September 2017 Chicago Fed National Activity Index
Submitted by Atlas Indicators Investment Advisors on October 25th, 2017Economic output improved in September according to the Chicago Fed National Activity Index. Results from this comprehensive study of the economy jumped to 0.17 from the downwardly revised count of minus 0.37 (originally minus 0.31) in August. Despite the monthly turnaround, the three-month moving average stayed below zero and matched the prior period’s revised tally of minus 0.16 (originally minus 0.04), suggesting America’s output is growing beneath its recent trend.
All four major categories improved, even if a few remained negative. Production-related indicators increased to 0.10 in September from minus 0.33 a month earlier. Sales, orders, and inventories also made a positive contribution, edging up to 0.07 from 0.06 in August. Despite weak payroll figures from the Bureau of Labor Statistics in September, employment-related indicators moved up to 0.05 from 0.01. The contribution of the personal consumption and housing segment of the economy increased despite remaining negative, rising to minus 0.07 from minus 0.11 in the prior period.
This measure of the economy has 85 components, and the results are always mixed. This time, 46 of the 85 individual indicators made positive contributions, while 39 were negative. Fifty-four indicators improved in September, and 30 deteriorated.

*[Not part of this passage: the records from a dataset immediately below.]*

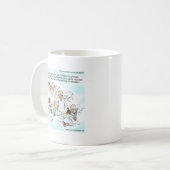 Himmlisch Social Media Fan Kaffeetasse (Vorderseite Links)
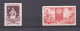 Chine 1954 , La Serie Complete Séance Du Congrès National, 2 Timbres Neufs , 261 – 262  - Neufs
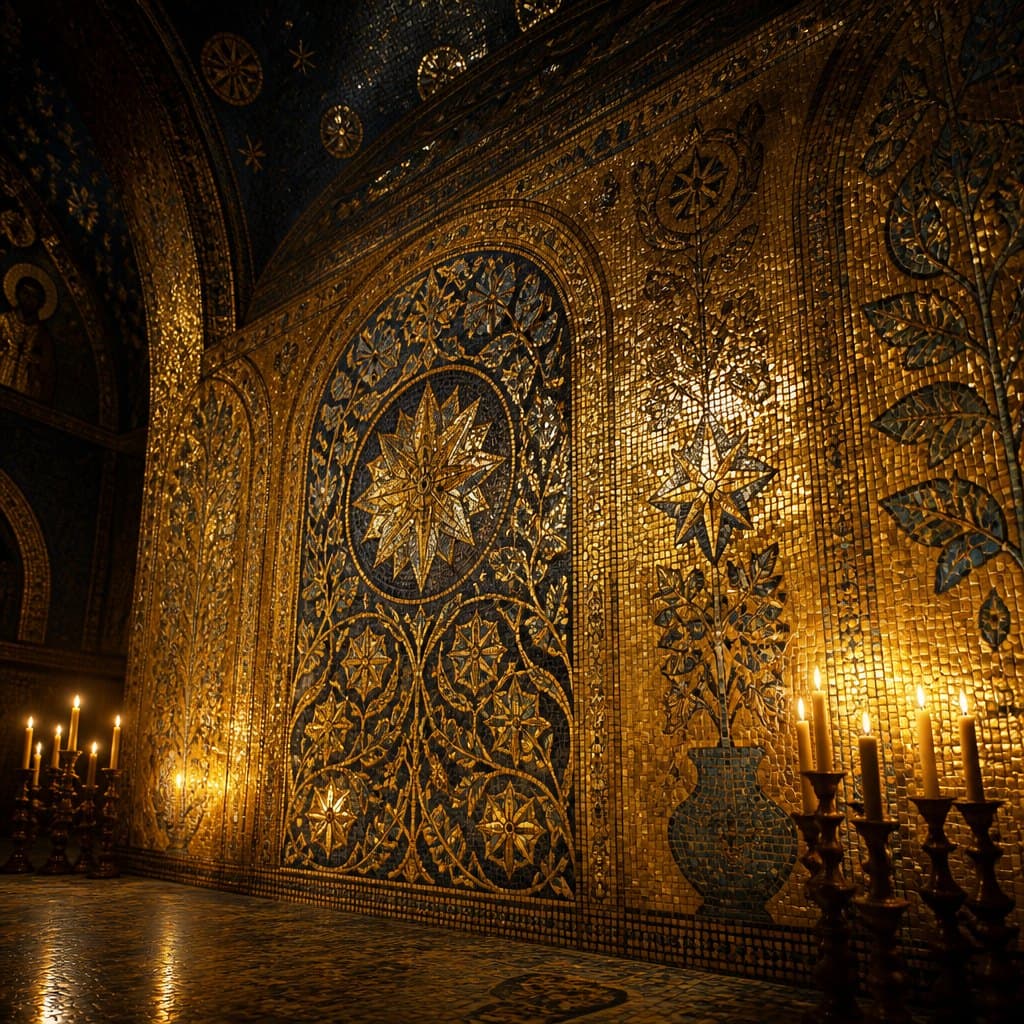 AI-generated interpretation of Early Christian Art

Of the improving indicators, 17 still made negative contributions.
Data contained in the CFNAI report suggest our economy continues along its shallow trajectory. While the economy is not showing signs of recession, it is far from white-hot as well. America’s muddle-along circumstances, the hallmark of the current economic expansion, remain the most likely outcome for the next several months and quarters ahead.